The exhibition Optimistically Omnivorous includes the work Liquid Crystal Displaced and a new work related to the Talbot Carpet Project. The exhibition is curated by Martin Smith and will be presented at Onespace Gallery from June 19 – August 1. Artists in the exhibition include Cara Coombe, Peter Fischmann, Teresa Fornataro, Julia Scott Green and James Hornsby.
“Optimistically Omnivorous presents the work of six Queensland-based photographic artists, whose practices utilise materials, places and ideas that are readily available. However, they employ divergent methods, approaches and philosophical connections to the medium. From constructed performances that reveal false narratives to indexical documentations that emphasise a specific time or place, the exhibition highlights photography’s multiple modes for representing us and itself, questioning the very act of looking.” Martin Smith, from the catalogue essay
Through the Looking Glass
The work Cosmic Background will be featured in the exhibition Through the Looking Glass: Humanity’s Changing Vision of the Universe, an exhibition developed by the London-based collective Lumen.

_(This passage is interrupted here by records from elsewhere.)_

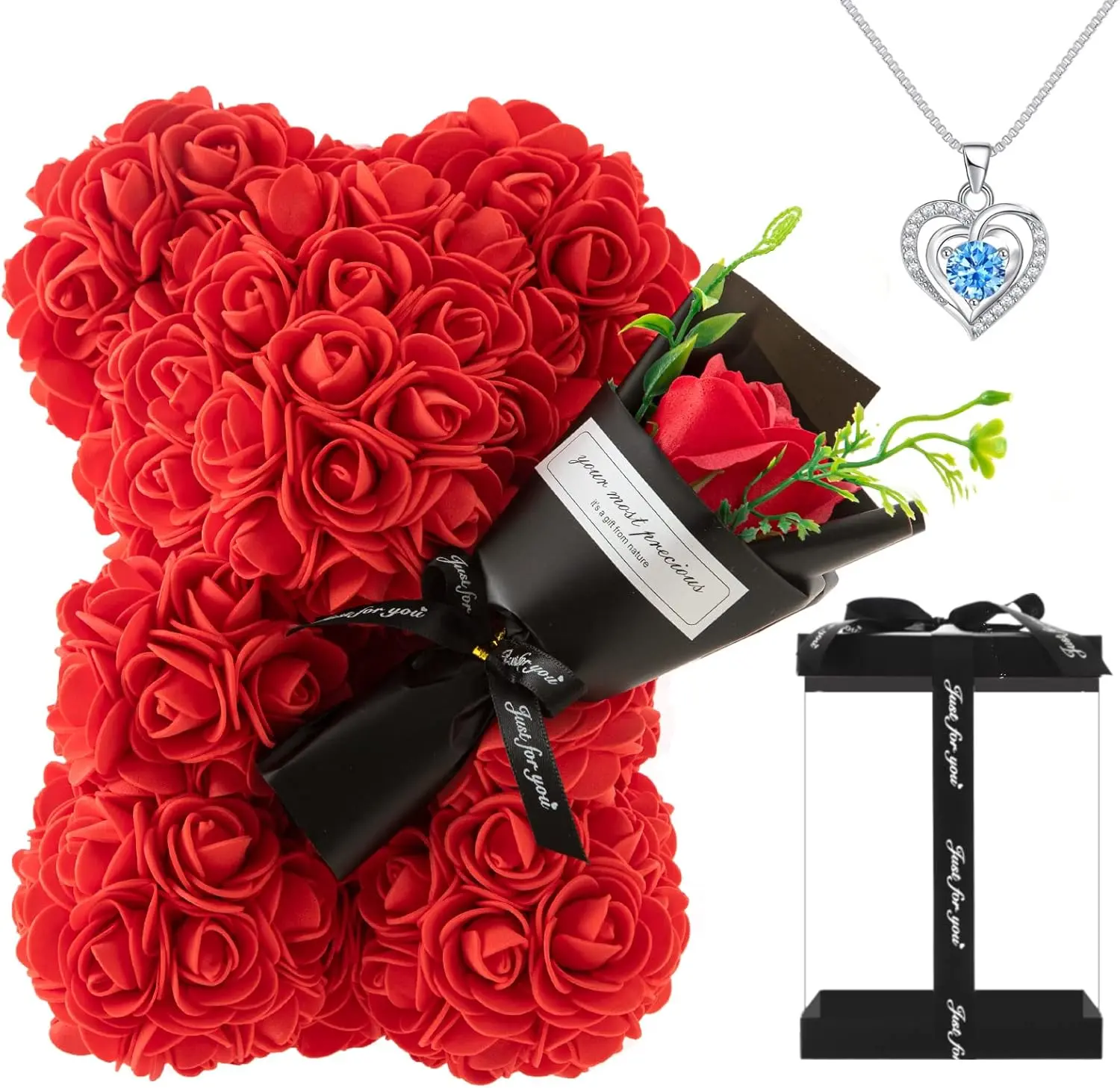 Decorative ABS Rose Bear - Realistic Artificial Flower Arrangement, Cute Creative Fake Flower Decor, Ideal Valentine's Day Gift for Home Decor & Wedding Ornaments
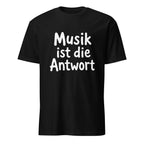 Schwarzes T-Shirt mit Musik-Statement-Print "Musik ist die Antwort" für Musikfans
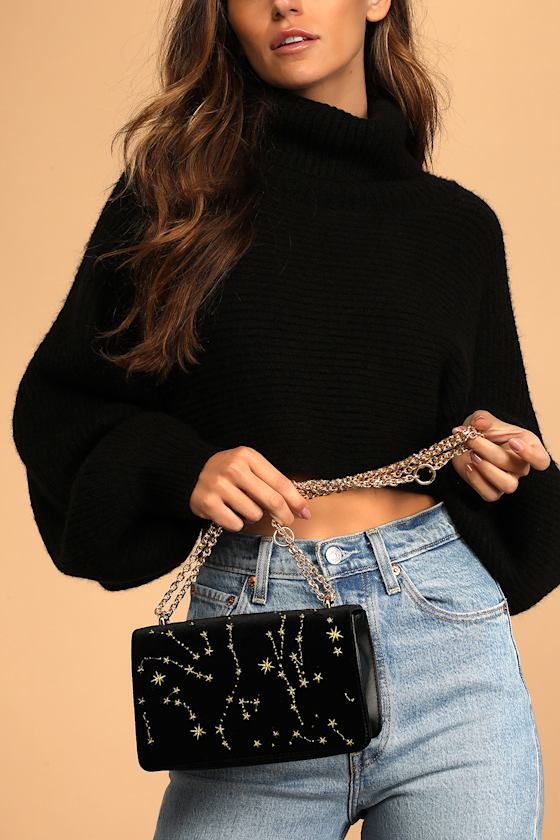 Stars in the Sky Black Velvet Embroidered Crossbody Bag 1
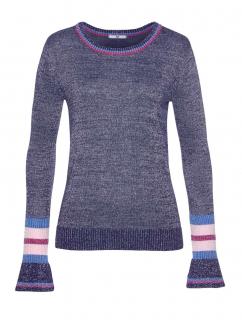 Feinstrickpullover marine-silberfarben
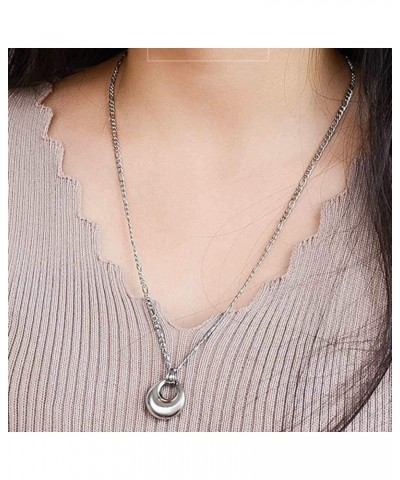 Stainless Steel Water Drop Style Classical Plain Pendant Figaro Chain Necklace Silver $7.27 Necklaces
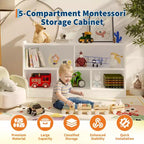 Étagère à livres et meuble de rangement pour jouets à 2 niveaux pour enfants, bibliothèque en bois pour tout-petits avec 5 compartiments de rangement ouverts pour salle de jeux, chambre de bébé et salle de classe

The exhibition seeks to illuminate how technology has influenced a collective view of the Universe, and runs from 15-20 October 2019.
Bodies of Tech
The work Cosmic Background features in Bodies of Tech, a series of artworks and panel sessions curated by Steph Hutchinson which explore the human experience in technological systems. Presented at the Brisbane Powerhouse Wednesday 7th and Thursday 8th August, The project showcases the work of Researchers in QUT’s Creative Lab – visit the website for more information.

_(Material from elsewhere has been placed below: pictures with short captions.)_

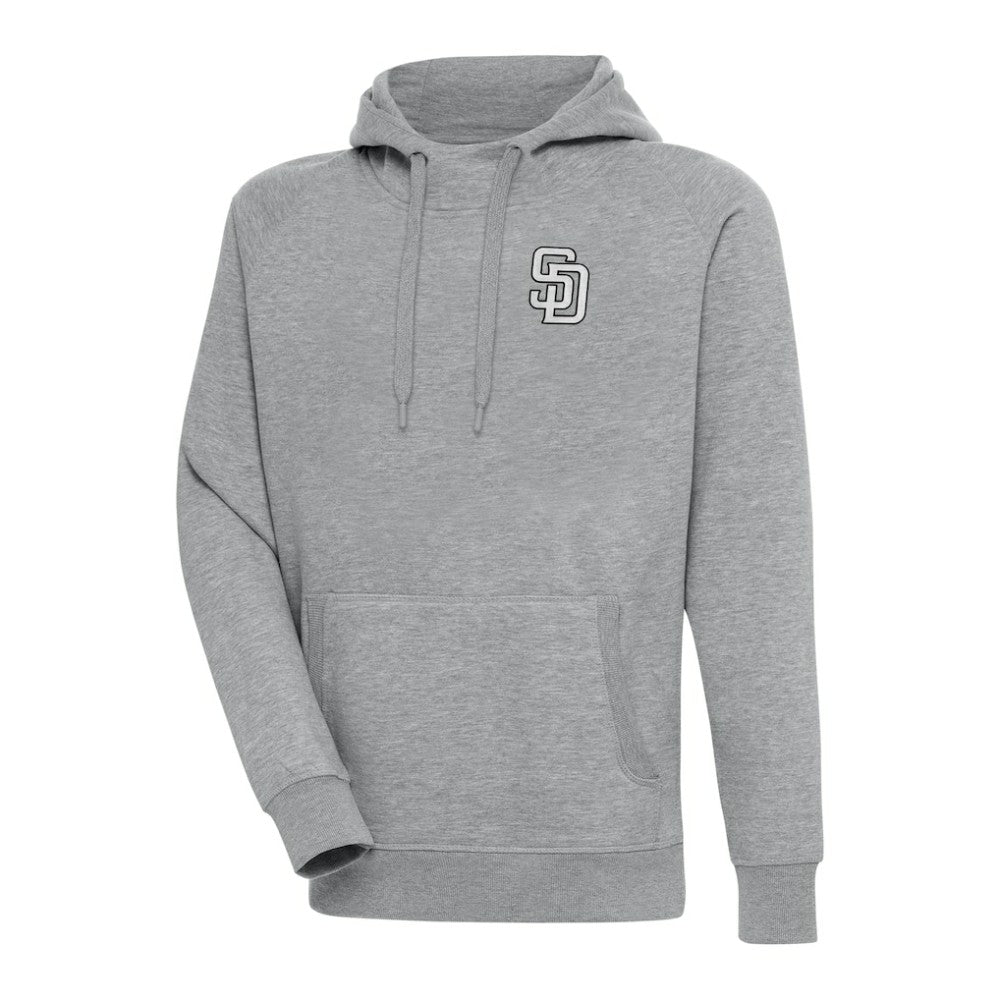 San Diego Padres Antigua Metallic Victory Pullover Hoodie - Heather Gray - MLB Lifestyle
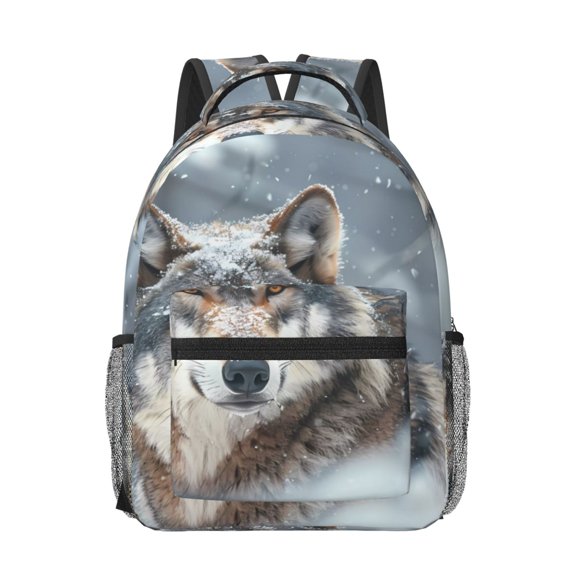Xecao Majestic Snowy Wolf Print Casual Backpack: A Computer Backpack Ideal for Men and Women, Perfect for College, School, or Daily Travels-One Size
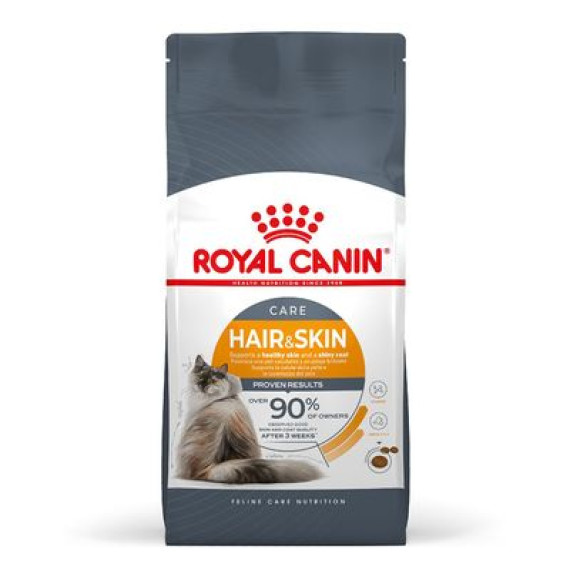 **清貨特價 (最佳食用日期:2024/07/09) ** Royal Canin 加護系列 - 成貓亮毛及皮膚加護配方 *Hair & Skin* 貓乾糧 04kg [2526040011]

Featuring: Steph Hutchinson, Louis-Philippe Demers, Chris Handran, Kath Kelly, Kiley Gaffney, Daniel McKewen, Bree Hadley, Jonathan Roberts, John McCormick, Adam Nash and Benjamin Nicoll.

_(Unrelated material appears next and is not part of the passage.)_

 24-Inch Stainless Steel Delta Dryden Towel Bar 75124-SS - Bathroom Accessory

In the year of its centenary the Bauhaus returns to haunt our museums. How do contemporary artists re-imagine a relationship to this legendary school? Are they scavengers raiding the ruins of modernism, appropriators of ‘good design’ kitsch or acolytes of an unholy sect? Bauhaus Now! explores its legacy in Australia—both for contemporary artists and for art education—highlighting its visionary, collectivist ideals and its radical practices.
Artists: Mikala Dwyer & Justene Williams | Gertrude Herzger-Seligmann, Ludwig Hirschfeld-Mack, Paul Klee | Michael Candy, Peter D Cole, Christopher Handran, Shane Haseman, Rose Nolan, Elizabeth Pulie, Jacky Redgate
The exhibition also coincides with the publication of Bauhaus Diaspora and Beyond, featuring essays by Philip Goad, Ann Stephen, Andrew McNamara, Harriet Edquist and Isabel Wünsche.